#### DATASET SECTION

Start of Block

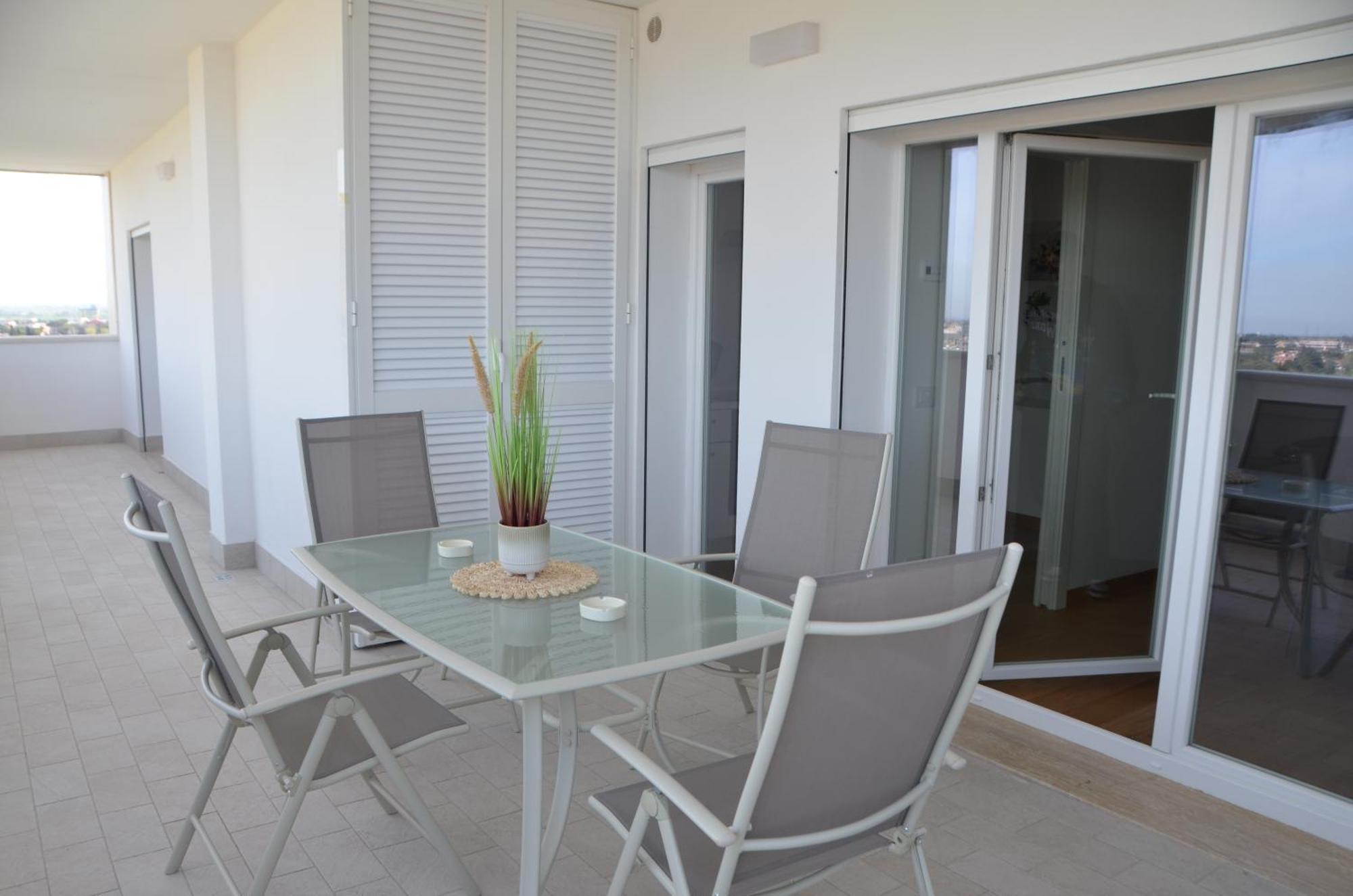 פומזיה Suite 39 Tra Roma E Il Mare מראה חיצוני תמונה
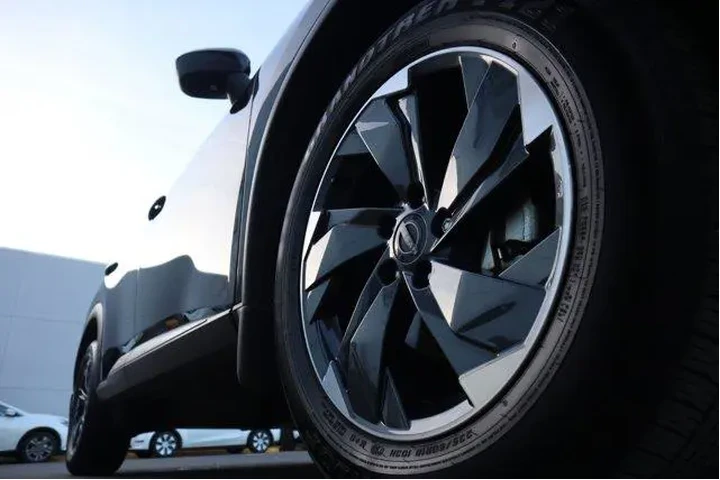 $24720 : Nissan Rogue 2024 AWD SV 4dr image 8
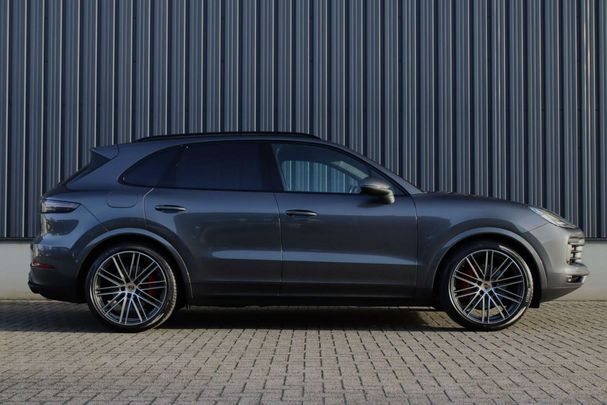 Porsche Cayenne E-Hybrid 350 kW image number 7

End of Block

#### TASK BRIEF
Start to finish, write out the data above exactly, omitting all pictures.

#### TASK SOLUTION
 פומזיה Suite 39 Tra Roma E Il Mare מראה חיצוני תמונה
 $24720 : Nissan Rogue 2024 AWD SV 4dr image 8
 Porsche Cayenne E-Hybrid 350 kW image number 7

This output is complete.